Ligthart, Alexander; Catal, Cagatay; Tekinerdogan, Bedir


Opinion spam detection is concerned with identifying fake reviews that are deliberately placed to either promote or discredit a product. Opinionated social media like product reviews are increasingly important resources for people as well as businesses in the decision-making process and can be easily manipulated by opportunistic individuals. To reduce this increasing impact of opinion spams, opinion spam detection approaches have been proposed, which adopt mostly supervised classification methods. However, in practice, the provided data is largely not labeled and therefore semi-supervised learning approaches are required instead.

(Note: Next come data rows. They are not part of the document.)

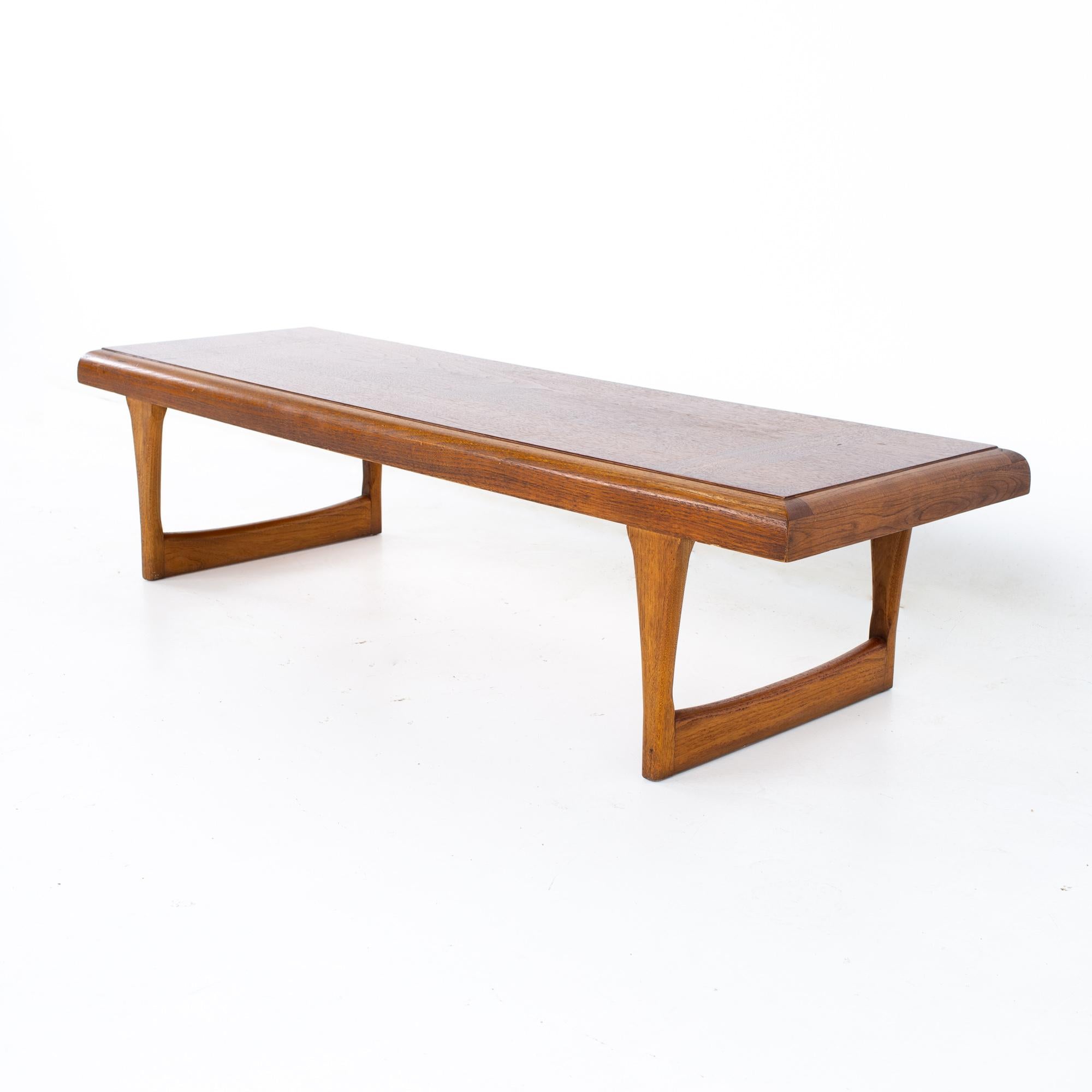 Lane Danish style Mid Century walnut sleigh leg coffee table
Coffee table measures: 60 wide x 20.5 deep x 14.5 inches high

All pieces of furniture can be had in what we call restored vintage condition. That means the piece is restored upon
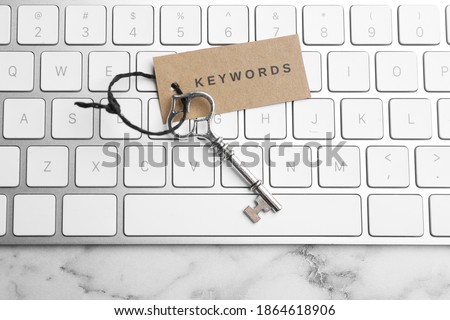Keyboard, vintage key and tag with word KEYWORDS on white marble table, top view Royalty-Free Stock Photo #1864618906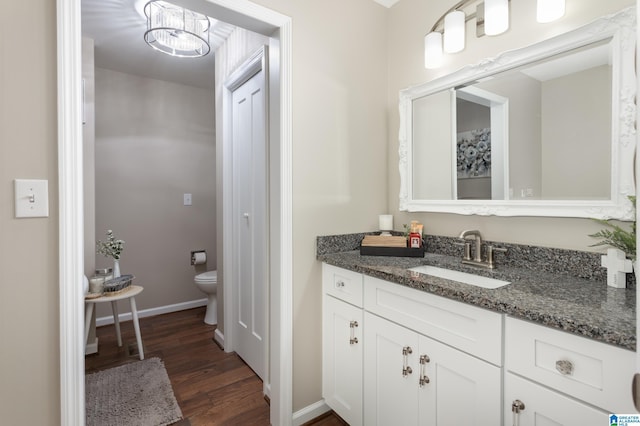 bathroom with toilet, wood-type flooring, and vanity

To this end, this study aims to analyze the effectiveness of several semi-supervised learning approaches for opinion spam classification. Four different semi-supervised methods are evaluated on a dataset of both genuine and deceptive hotel reviews. The results are compared with several traditional classification methods using the same amount of labeled data. According to this study, the self-training algorithm with Naive Bayes as the base classifier yields 93% accuracy. Results show that self-training is the only approach, out of the four tested semi-supervised models, that outperforms traditional supervised classification models when limited data is available. This study further shows that self-training can mitigate labeling efforts while retaining high model performance, which is useful for scenarios where limited data is available or retrieving labeled data is more costly.